Aim of the exercise: Lines before the one containing "MOCHILA LOGAN 5XT" are not wanted; restate the rest below word for word, through the last line, but drop any pictures.

Task input:
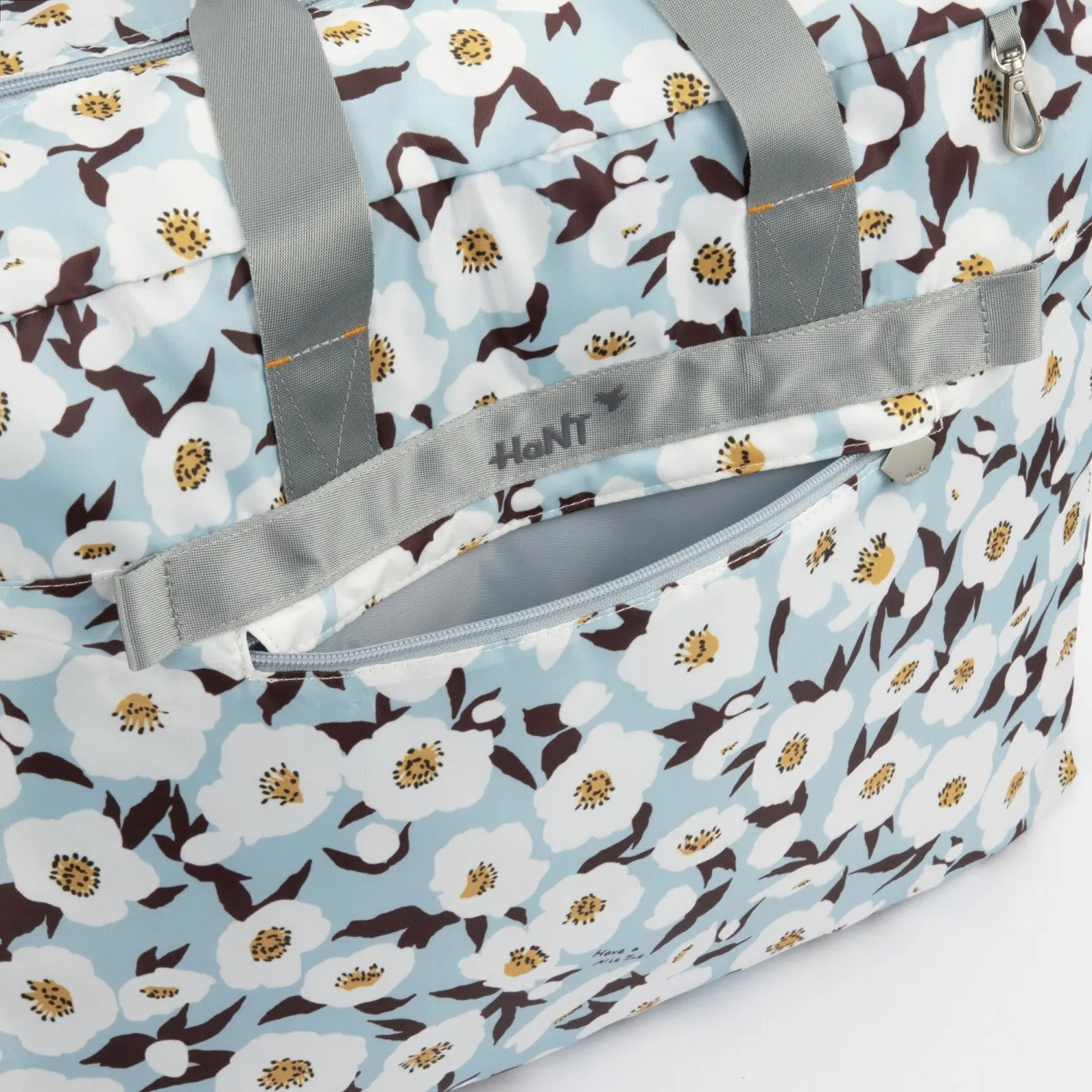 HaNT Foldable Duffle Bag Large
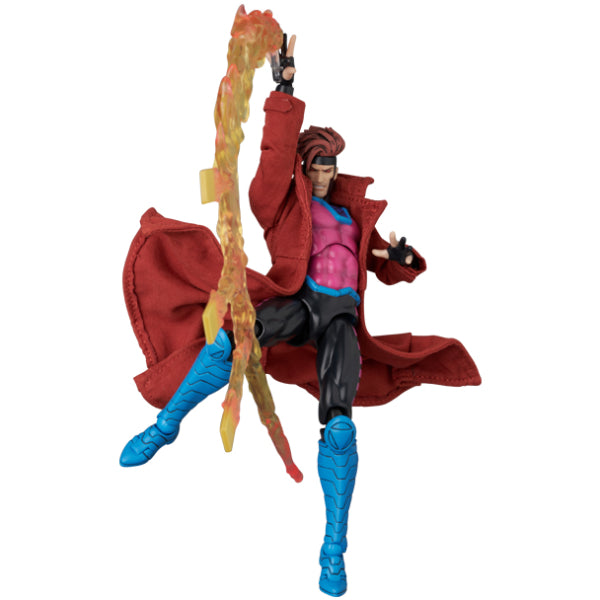 MAFEX GAMBIT (COMIC VARIANT Ver.) 牌王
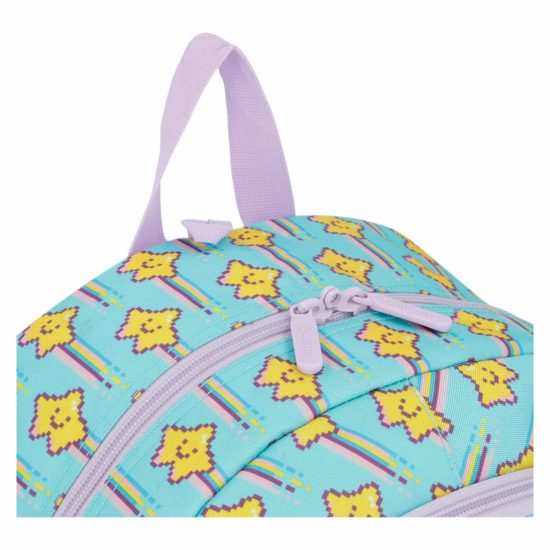 MOCHILA LOGAN 5XT AQUA UNICORN XTREM - Imagen 2
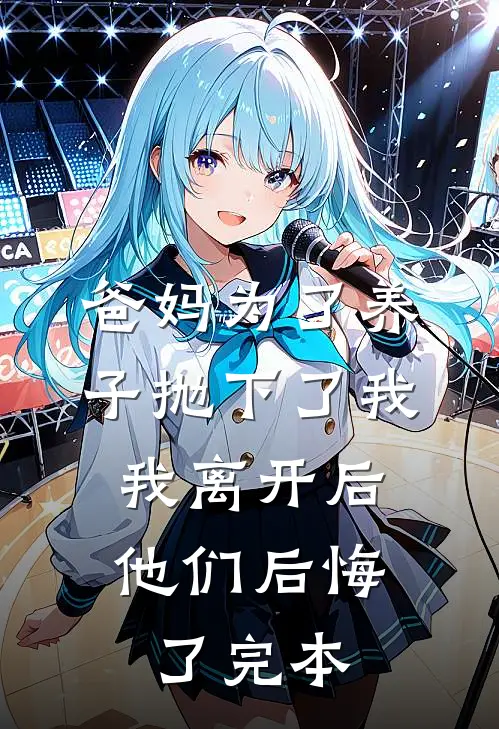 爸妈为了养子抛下了我，我离开后他们后悔了完本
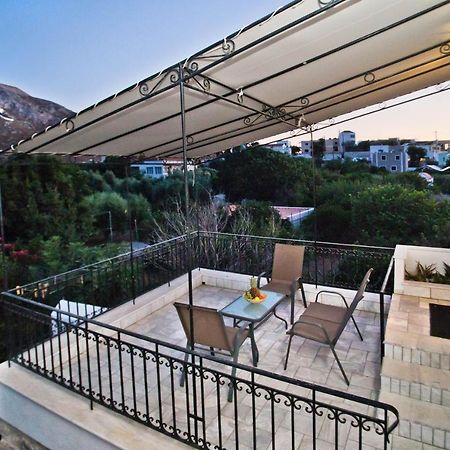 Panormos  Paloma Luxury Studios מראה חיצוני תמונה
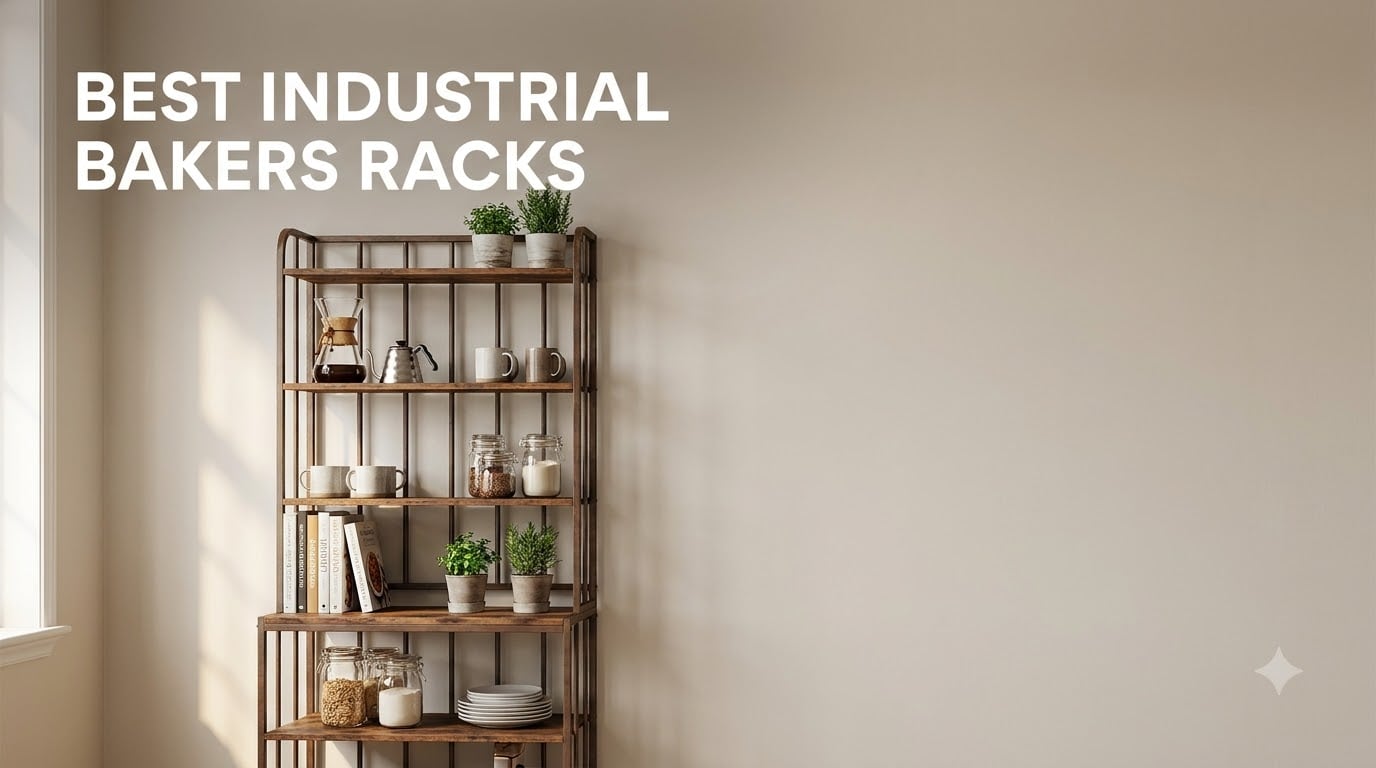 best industrial bakers racks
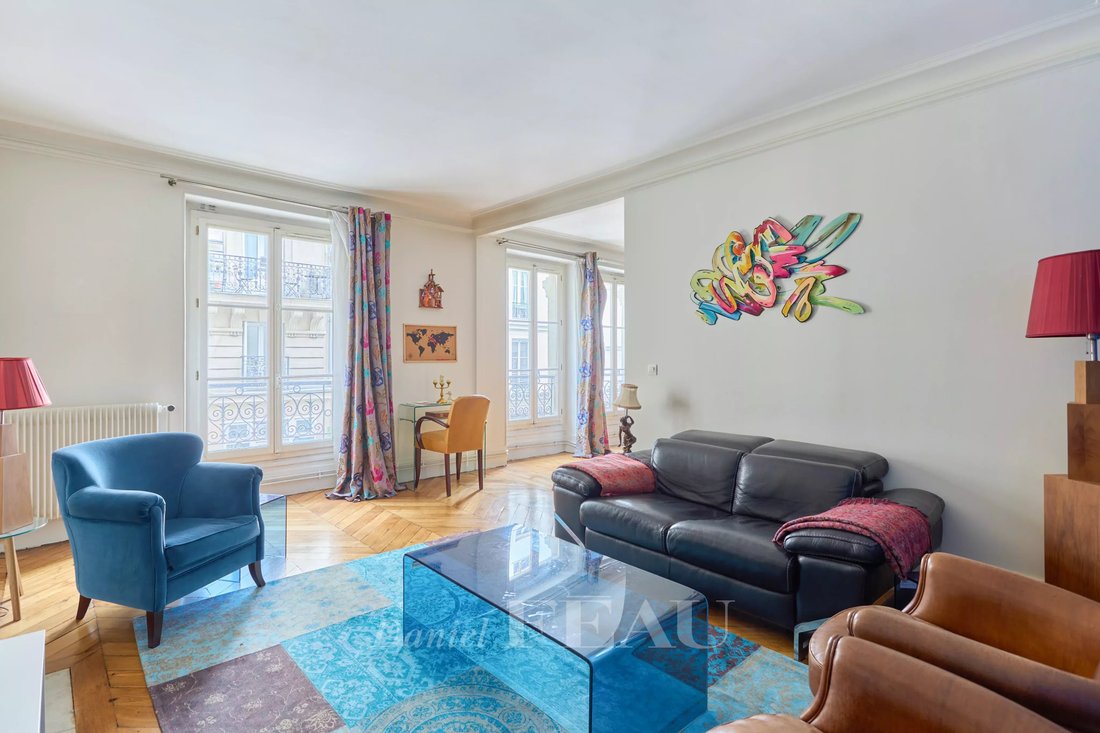 Apartment in Val de Grace, Paris 5e Arrondissement, Paris 5 - 17540922
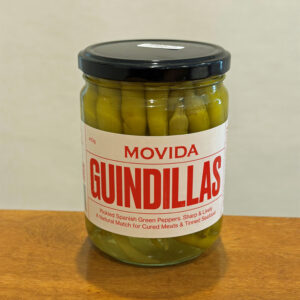 Movida Guindilla Peppers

Response below:
 MOCHILA LOGAN 5XT AQUA UNICORN XTREM - Imagen 2
 爸妈为了养子抛下了我，我离开后他们后悔了完本
 Panormos  Paloma Luxury Studios מראה חיצוני תמונה
 best industrial bakers racks
 Apartment in Val de Grace, Paris 5e Arrondissement, Paris 5 - 17540922
 Movida Guindilla Peppers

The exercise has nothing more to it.